In FIG. 3, signals s(i) represent input signals from the signal designator 304. Moreover, signals so(i) are the output signals of the matrix and signals a(j) are the associative input signals (auditory feature values) for the matrix. The matrix associates, during the first mode, an input signal s(i) with a group of associative input signals a(j) so that, at a later time instant during the second mode, the input signal is evoked by the associated input signal a(j) group when determined from the currently sensed signal. The evoked input signal will emerge as the corresponding output signal so(i) so basically the meanings of the signals s(i) and so(i) are the same, that is, they depict the same entity.
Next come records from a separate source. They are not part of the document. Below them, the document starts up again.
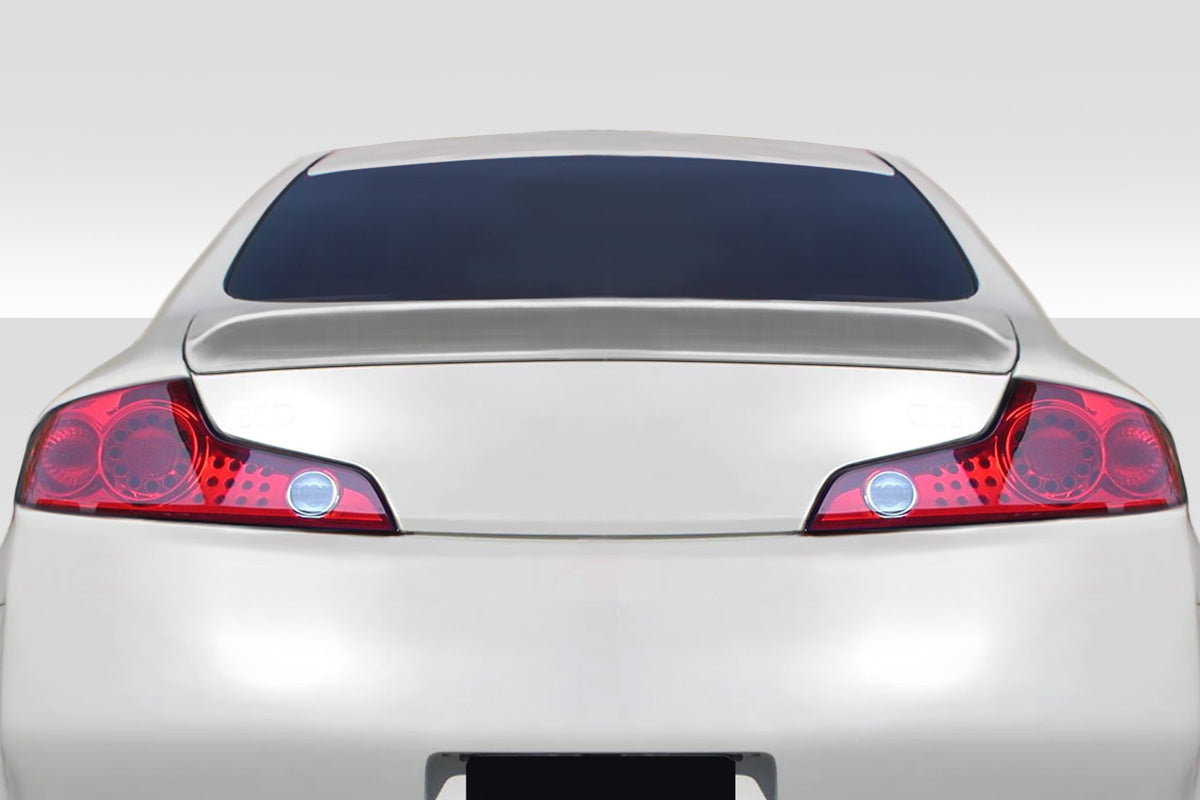2003-2007 Infiniti G Coupe G35 Duraflex Revear Rear Wing Spoiler - 1 Piece (S)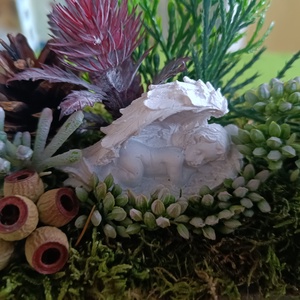 Angyalkás kegyeleti sírdísz - otthon & életmód - vallás - temetkezési tárgy - sírdísz, kegyeleti dísz - Meska.hu Angyalkás kegyeleti sírdísz - otthon & életmód - vallás - temetkezési tárgy - sírdísz, kegyeleti dísz - Meska.hu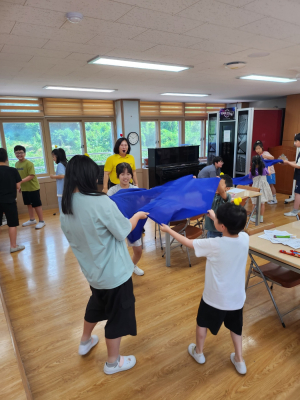 청도 유천초등학교 마음건강 및 자살예방 행복 캠프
Reverting now to the aforesaid doorbell example, for instance the text “doorbell” may solely constitute the preferred output information 302 that is then stored in an addressable memory location of the memory 310 and assigned with one of the signals s(i). If the piece of information is the first piece to be learned by the device then the signal designator 304 sets s(i)=s(0) and the setting s(0)=1 would mean that the text “doorbell” shall be indicated by a matrix output signal. If the piece of information is the second piece to be learned by the device then the signal designator 304 sets s(i)=s(1) and so on. In this way only one signal can be cleverly set to represent a large chunk of information. During the training operation so(i)=s(i) and especially in this example so(0)=s(0)=1. The memory address decoder 308 thus transforms the so-vector (1,0,0, . . . , 0) into a corresponding memory address wherefrom the output information (e.g. image, text, sound, vibration) to be exploited (in this example the text “doorbell”) can be found, i.e. the link between a certain matrix output and a certain predetermined response is solved. The memory 310 must naturally retain its information also when the device is powered down. This can be achieved by using non-volatile memories such as flash-memories or a specific battery back-up.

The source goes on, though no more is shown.